In its opinion in the Elsinore case the court regarded the individual lease as a matter of construction and the decision does not establish any hard and fast rule which can be applied to all oil and gas leases in cases where a monetary consideration is provided in addition to royalty and deferred drilling rentals. The court determined that as to the particular lease the evident intention of the parties was that the consideration for the lease was the entire $6,000. In the case at bar it is apparent that no such evident intention is discernible in the lease and there was an obvious difference in the consideration by reason of the fact that respondent had already paid the sum of $2,000 on the option of the property which was credited on the lease. Furthermore, under the terms of paragraph 31 of the instant lease respondent agreed to pay an additional $1,000 to the appellant for every three months he retained the lease whether any development work was accomplished or not. In the Elsinore case there was no obligation to pay any sums of money at all even though the lessee retained the lease. In the instant case, however, appellant was certain of getting the money as long as respondent remained in possession. The evidence is that appellant actually collected $3,000 for the option and lease of oil lands which proved to be worthless and that the property was tied up under both option and lease for a total period of nine months.
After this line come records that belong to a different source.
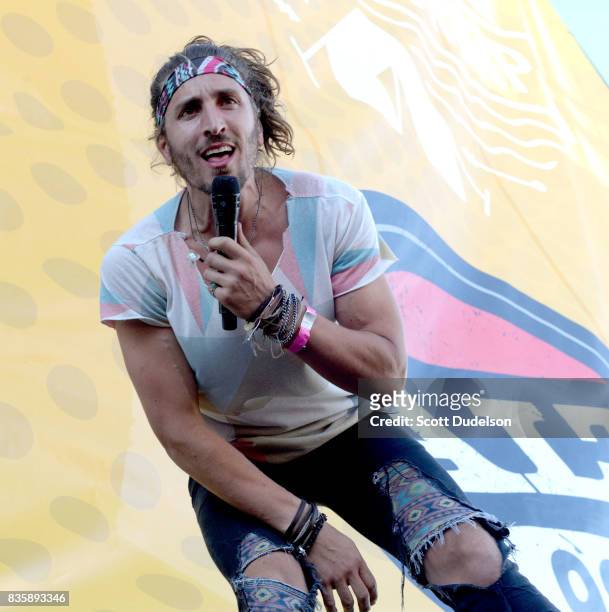 Singer Austin Bisnow of Magic Giant performs onstage during the Alt 98.7 Summer Camp concert at Queen Mary Events Park on August 19, 2017 in Long...
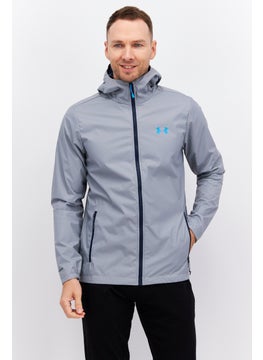 اشتري Men Sportswear Long Sleeves Forefront Rain Jacket, Grey في الامارات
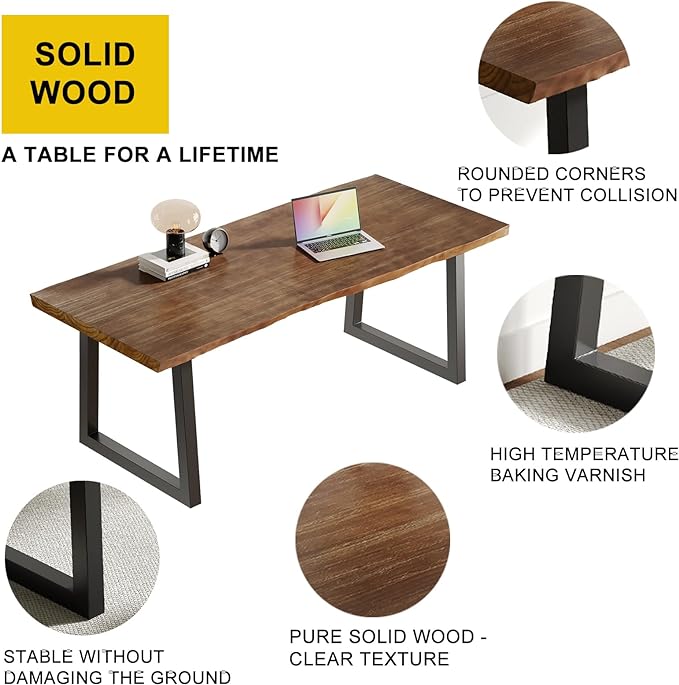 Solid Wood Computer Desk,Rustic Style 55-inch Large Office Desk- Modern Gaming Working for Home Office, Modern Simple Design, Ideal for Study, Writing, Dining - LeafyLoom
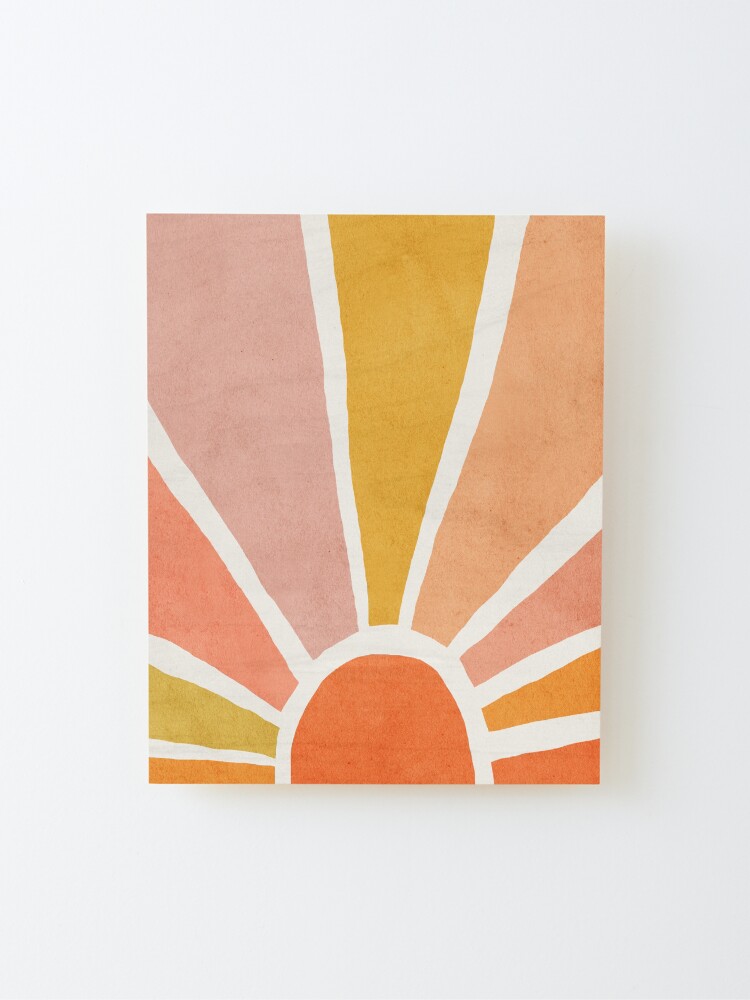 Alternate view of Sun, Abstract, Mid century modern kids wall art, Nursery room Mounted Print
The other cases relied upon by appellant are likewise distinguishable from the case at bar, but it is not necessary to analyze them because no fixed and unvarying meaning can be applied to the term “bonus” without a construction of the particular lease in each case, and in the case at bar, as found by the trial court, paragraph 27 of the agreement clearly gave respondent the right to quitclaim the property at any time without liability for further payments of the quarterly installments.
Not only did the trial court so interpret paragraph 27, but this conclusion is also supported by the testimony. Respondent testified that they had refused to pay the full amount of the cash bonus at one time because they “wanted an opportunity to find out if the land was worth it” and a chance to prove whether it was oil or gas land.
We agree with the trial court's interpretation of the lease and there is ample evidence to support its findings and judgment. Accordingly, the judgment is affirmed.
MURPHY, Justice pro tem.
PETERS, P. J., and WARD, J., concurred.